03-04-2023, 02:13 AM
(03-04-2023, 12:16 AM)casear2727 Wrote: "All of that was NOT in his rookie deal and was added to his final year"
Of course the signing bonus and roster bonus were NOT in his rookie deal..????? But they were NOT added in his contract to the final year of his rookie deal, you seriously said this....?
Signing bonuses are paid when the player signs the deal and in the year the player sign and receives the cash at that time, this has nothing to do with the initial contract, nothing is added. Burrow will receive a signing bonus on his new deal 2 years before his extension goes into effect, it will not be added to his rookie contract just because of the timing... what are you trying to say?
If you do the math for years 2020 to 2023:
Salaries + Signing bonus + roster bonuses + game bonuses + workout bonuses the total is roughly 41.7M
If you add the per game bonus of 2019 and the small work bonuses the total is 42.05, subtract this from 43M (the actual amount of the 2nd contract) and that seems to be the difference in his 2019 salary raise.
There are no void years with Boyd, when do we do void years? Riley Reiff once?

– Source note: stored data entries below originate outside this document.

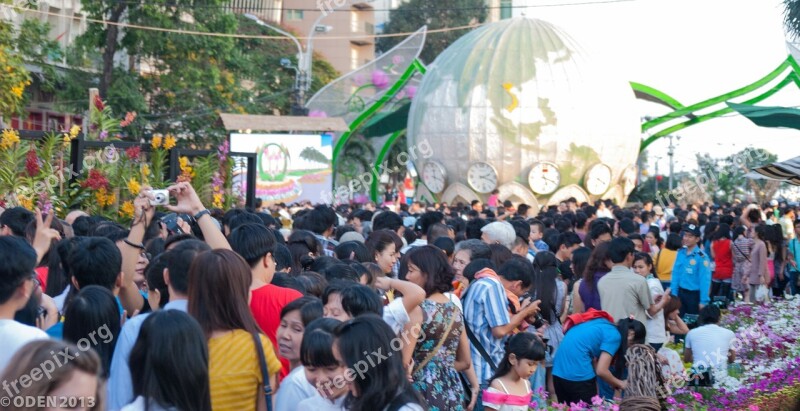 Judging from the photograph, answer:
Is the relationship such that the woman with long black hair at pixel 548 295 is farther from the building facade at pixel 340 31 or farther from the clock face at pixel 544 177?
the building facade at pixel 340 31

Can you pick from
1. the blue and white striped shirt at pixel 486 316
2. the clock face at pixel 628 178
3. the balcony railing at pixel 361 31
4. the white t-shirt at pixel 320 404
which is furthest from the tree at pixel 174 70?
the balcony railing at pixel 361 31

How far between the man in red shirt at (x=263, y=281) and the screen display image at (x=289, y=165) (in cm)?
2070

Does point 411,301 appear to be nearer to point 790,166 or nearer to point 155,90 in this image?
point 790,166

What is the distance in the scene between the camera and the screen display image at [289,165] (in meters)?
26.3

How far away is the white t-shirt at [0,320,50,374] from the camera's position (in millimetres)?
4016

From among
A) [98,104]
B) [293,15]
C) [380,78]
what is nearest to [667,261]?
[98,104]

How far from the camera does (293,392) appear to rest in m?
4.40

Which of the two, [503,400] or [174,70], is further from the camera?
[174,70]

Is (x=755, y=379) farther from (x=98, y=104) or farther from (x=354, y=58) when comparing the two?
(x=354, y=58)

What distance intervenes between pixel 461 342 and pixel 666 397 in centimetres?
205

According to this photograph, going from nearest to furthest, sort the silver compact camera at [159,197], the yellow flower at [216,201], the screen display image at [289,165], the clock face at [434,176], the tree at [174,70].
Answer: the silver compact camera at [159,197] → the yellow flower at [216,201] → the screen display image at [289,165] → the tree at [174,70] → the clock face at [434,176]

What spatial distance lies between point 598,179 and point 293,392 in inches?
1199

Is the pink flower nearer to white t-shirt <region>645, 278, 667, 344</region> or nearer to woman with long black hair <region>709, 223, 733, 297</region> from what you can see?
woman with long black hair <region>709, 223, 733, 297</region>

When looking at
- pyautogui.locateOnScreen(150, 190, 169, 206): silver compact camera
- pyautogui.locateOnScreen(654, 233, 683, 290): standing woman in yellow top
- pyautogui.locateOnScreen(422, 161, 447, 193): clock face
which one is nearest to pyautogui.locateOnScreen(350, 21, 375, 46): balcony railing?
pyautogui.locateOnScreen(422, 161, 447, 193): clock face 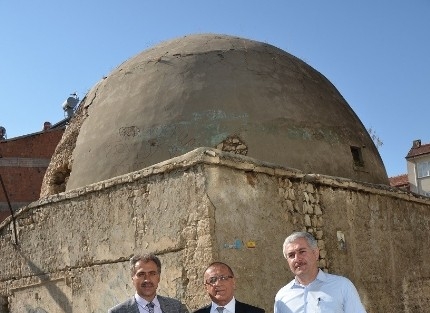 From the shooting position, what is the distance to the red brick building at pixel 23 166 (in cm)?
2053

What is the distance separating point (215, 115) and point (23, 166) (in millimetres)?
14981

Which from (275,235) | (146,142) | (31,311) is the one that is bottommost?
(31,311)

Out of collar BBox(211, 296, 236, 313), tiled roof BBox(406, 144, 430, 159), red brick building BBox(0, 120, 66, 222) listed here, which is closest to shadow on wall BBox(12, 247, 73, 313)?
collar BBox(211, 296, 236, 313)

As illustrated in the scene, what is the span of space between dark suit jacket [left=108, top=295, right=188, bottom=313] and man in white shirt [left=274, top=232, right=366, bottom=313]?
2.47 ft

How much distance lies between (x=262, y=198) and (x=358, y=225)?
76.8 inches

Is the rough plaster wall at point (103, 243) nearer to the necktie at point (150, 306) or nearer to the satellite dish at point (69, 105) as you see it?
the necktie at point (150, 306)

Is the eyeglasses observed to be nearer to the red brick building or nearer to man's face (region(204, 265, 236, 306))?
man's face (region(204, 265, 236, 306))

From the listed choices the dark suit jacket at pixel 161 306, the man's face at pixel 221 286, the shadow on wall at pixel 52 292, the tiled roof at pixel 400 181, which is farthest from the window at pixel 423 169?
the man's face at pixel 221 286

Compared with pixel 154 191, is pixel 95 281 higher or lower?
lower

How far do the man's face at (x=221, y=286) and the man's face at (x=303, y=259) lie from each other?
45 centimetres

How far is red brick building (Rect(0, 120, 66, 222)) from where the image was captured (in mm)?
20531

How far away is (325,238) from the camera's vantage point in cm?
720

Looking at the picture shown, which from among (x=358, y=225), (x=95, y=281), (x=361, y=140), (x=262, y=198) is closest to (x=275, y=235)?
(x=262, y=198)

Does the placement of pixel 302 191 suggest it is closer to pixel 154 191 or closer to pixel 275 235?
pixel 275 235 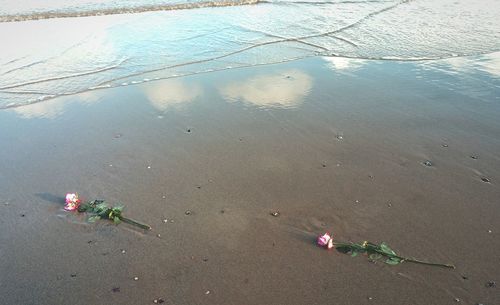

I know you are adding this simply to try to add some bloviated feaux expertise but it is silly to mention.
No one said the final year couldn't change, I simply said I totally disagree that it happens all the time. I didnt see it whatsoever with the handful of players extended this season that I checked on.
What actually is really funny is that you think you know so much more about contracts and what you are spewing is some nonsense and some really basic stuff we all know.
This is a bunch of straw man arguments, semantics and nonsense. Your argument isn’t even arguing anything at this point except bouncing around to random points. Someone did say the last year couldn’t change, it wasn’t you but my point was to him. As to your point, still don’t know what you’re even arguing. You said “this isn’t how extensions work” and yet again yes what I described is exactly how an extension can work.
Guess what, if that last year of the deal is nothing like the deal they signed as a rookie they did in fact “tear it up”. Which is exactly what does happen often and most likely will happen on any Tee Higgins deal.